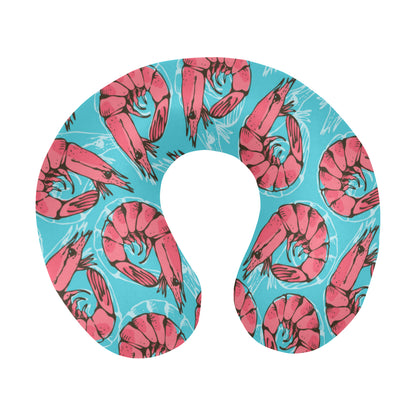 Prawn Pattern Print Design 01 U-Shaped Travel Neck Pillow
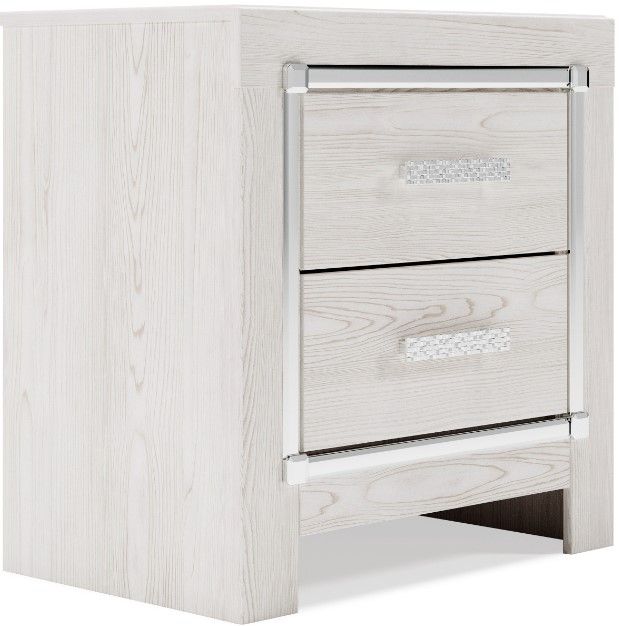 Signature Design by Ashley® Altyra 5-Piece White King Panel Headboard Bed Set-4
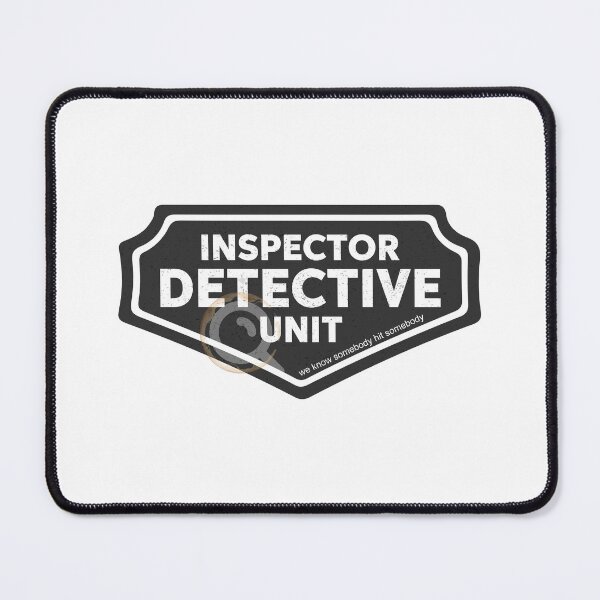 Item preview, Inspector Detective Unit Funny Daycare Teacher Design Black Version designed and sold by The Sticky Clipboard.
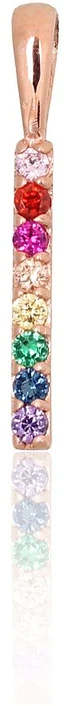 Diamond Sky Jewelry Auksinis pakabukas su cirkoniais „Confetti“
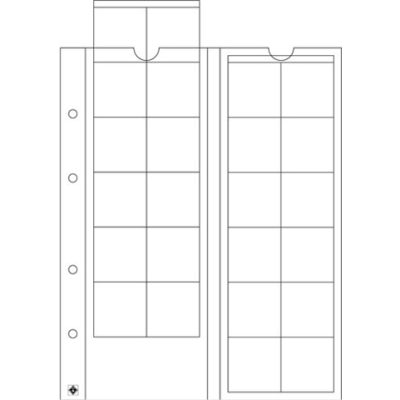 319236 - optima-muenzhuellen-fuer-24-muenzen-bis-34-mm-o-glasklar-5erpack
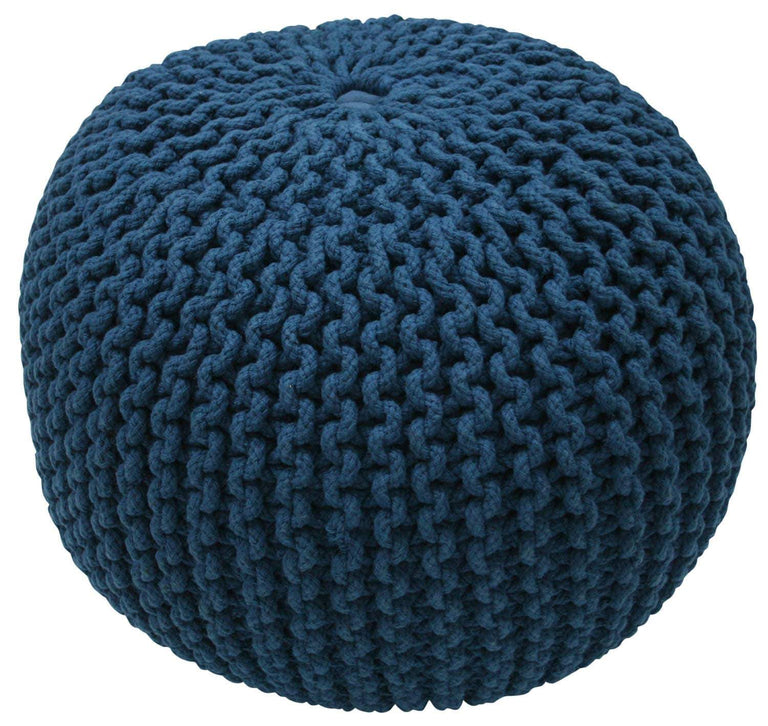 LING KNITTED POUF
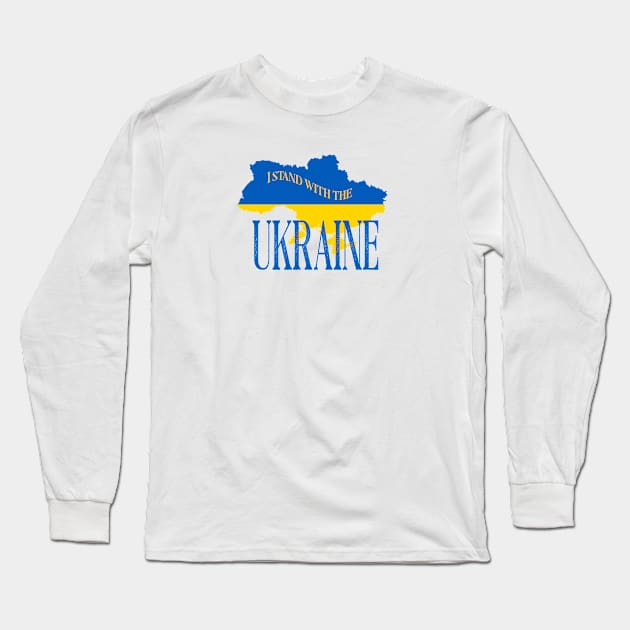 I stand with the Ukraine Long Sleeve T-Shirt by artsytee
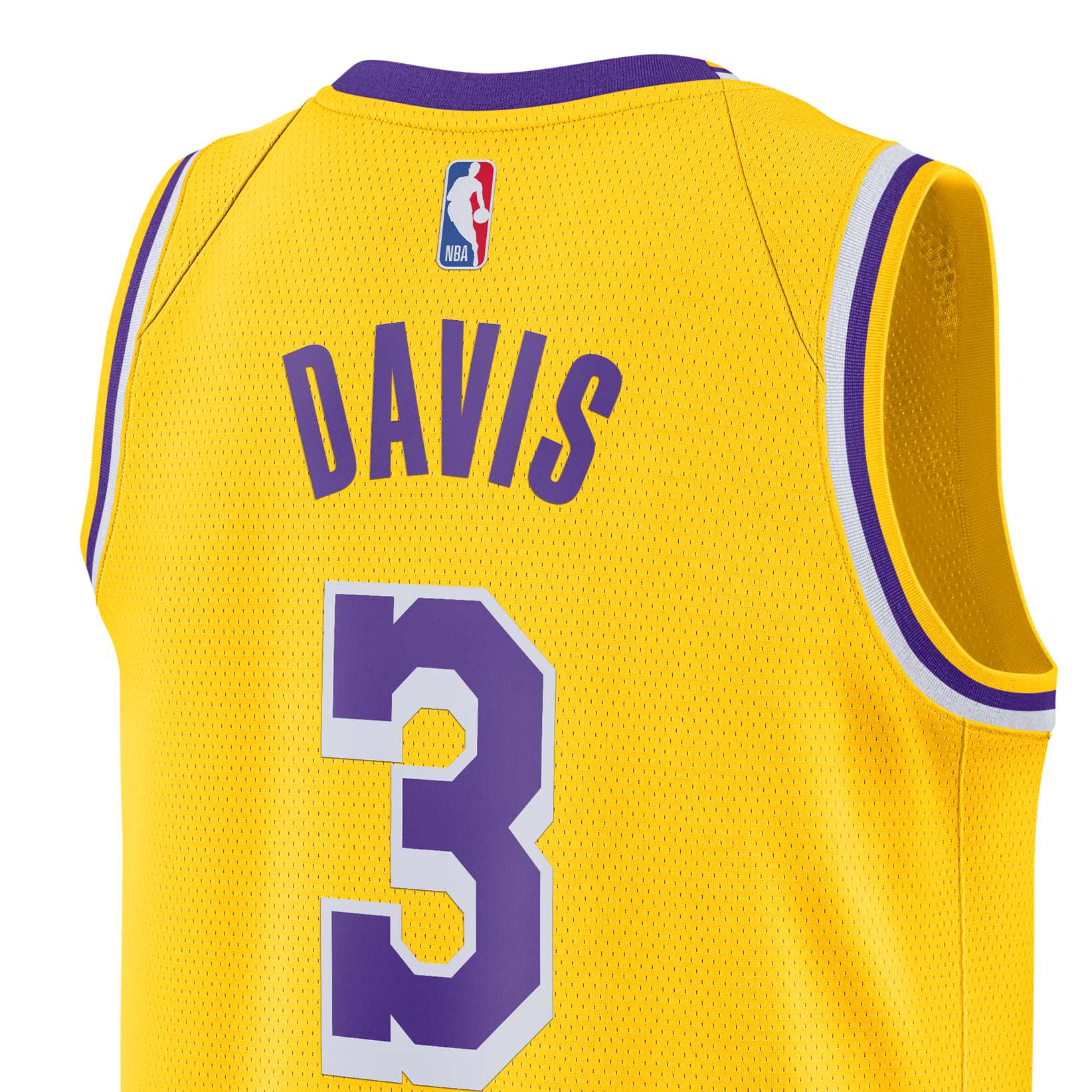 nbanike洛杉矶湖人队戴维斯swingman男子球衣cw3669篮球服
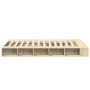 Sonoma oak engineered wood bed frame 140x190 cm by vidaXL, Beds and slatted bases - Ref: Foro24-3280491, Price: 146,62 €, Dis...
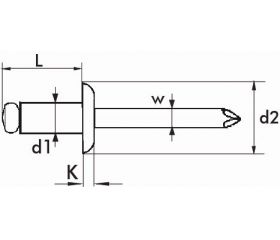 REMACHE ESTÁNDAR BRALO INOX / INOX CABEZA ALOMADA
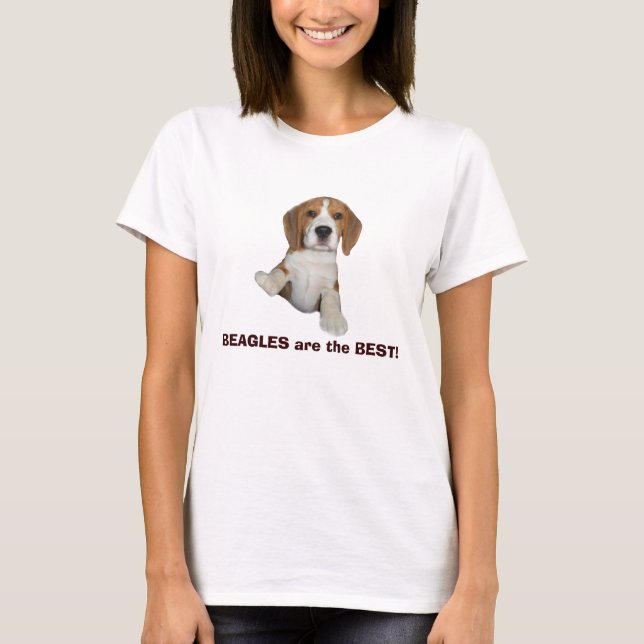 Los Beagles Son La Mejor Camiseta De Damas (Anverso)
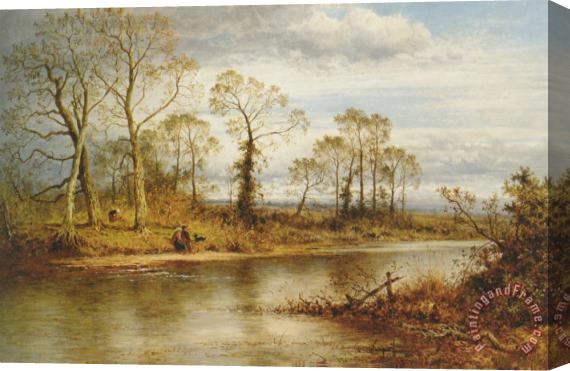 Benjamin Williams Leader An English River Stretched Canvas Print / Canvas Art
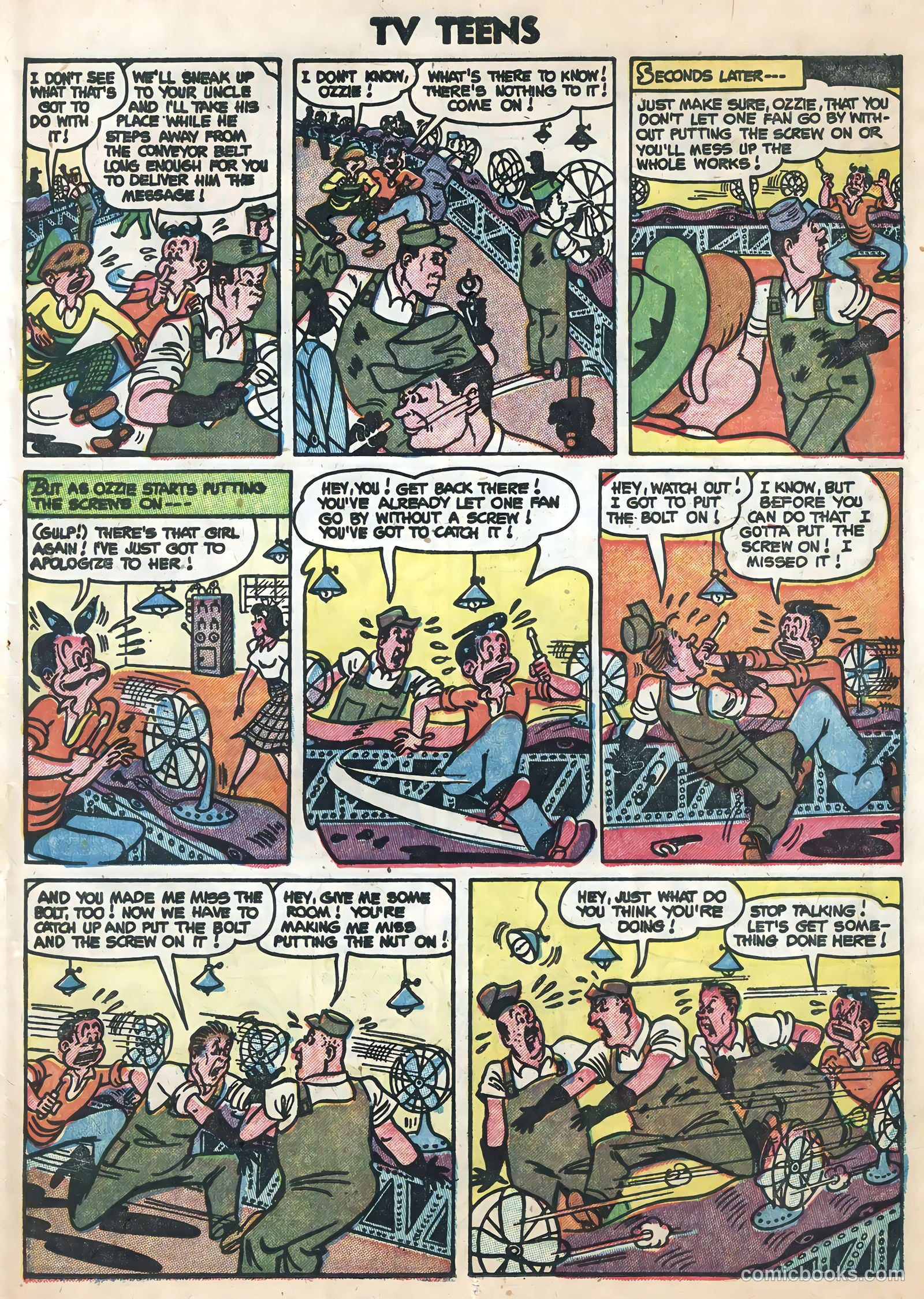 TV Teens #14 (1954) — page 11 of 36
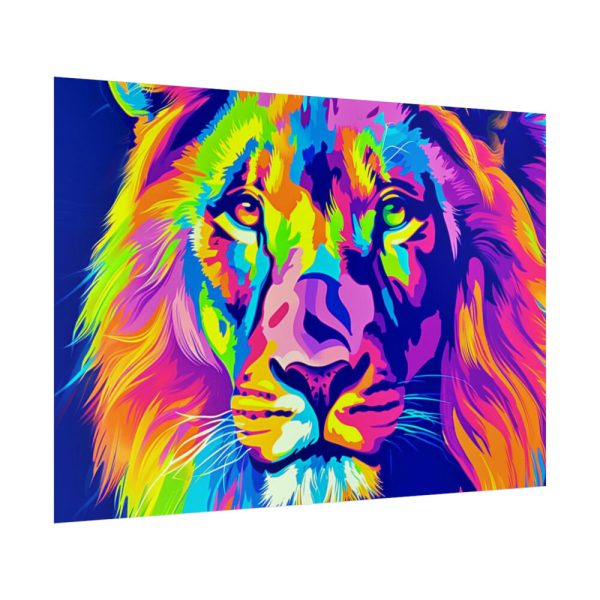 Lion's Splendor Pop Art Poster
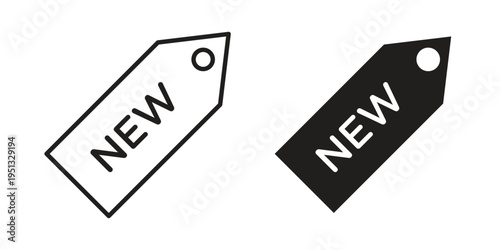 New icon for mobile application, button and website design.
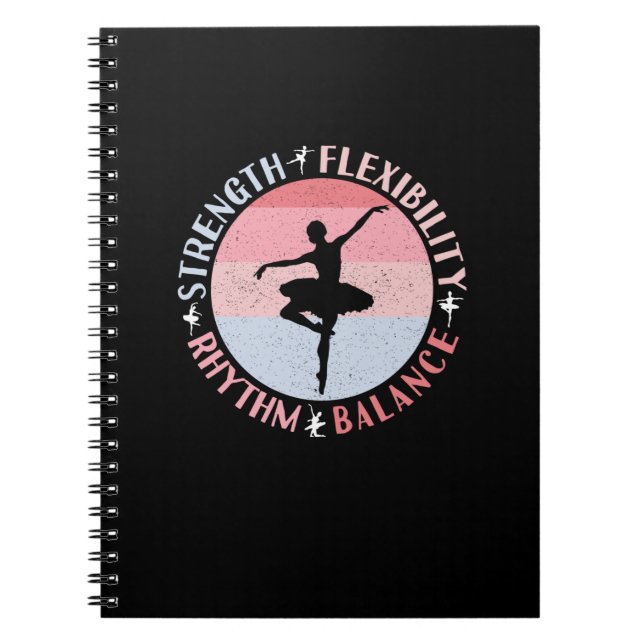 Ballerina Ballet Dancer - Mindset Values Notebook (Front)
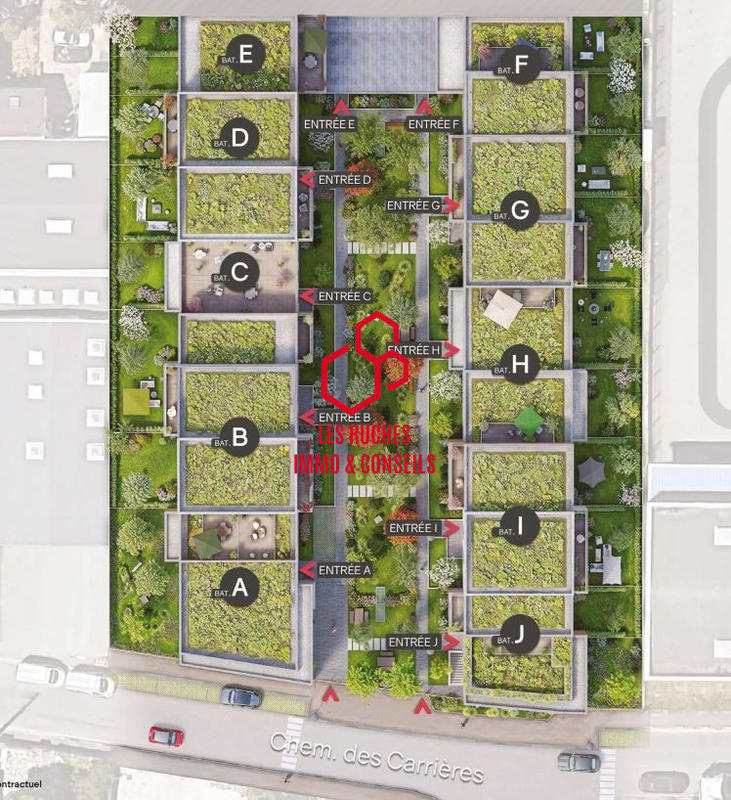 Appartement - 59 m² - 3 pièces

━━━━━━━━━━━━━━━━━━━━

• **TASK GOAL**:
Line for line, output the entries above from the line with "REMACHE ESTÁNDAR BRALO" to the line with "Ballerina Ballet Dancer", both included, and nothing more. Skip pictures.

• **ANSWER TO THIS EXERCISE**:
 REMACHE ESTÁNDAR BRALO INOX / INOX CABEZA ALOMADA
 Los Beagles Son La Mejor Camiseta De Damas (Anverso)
 Benjamin Williams Leader An English River Stretched Canvas Print / Canvas Art
 TV Teens #14 (1954) — page 11 of 36
 Lion's Splendor Pop Art Poster
 New icon for mobile application, button and website design.
 Ballerina Ballet Dancer - Mindset Values Notebook (Front)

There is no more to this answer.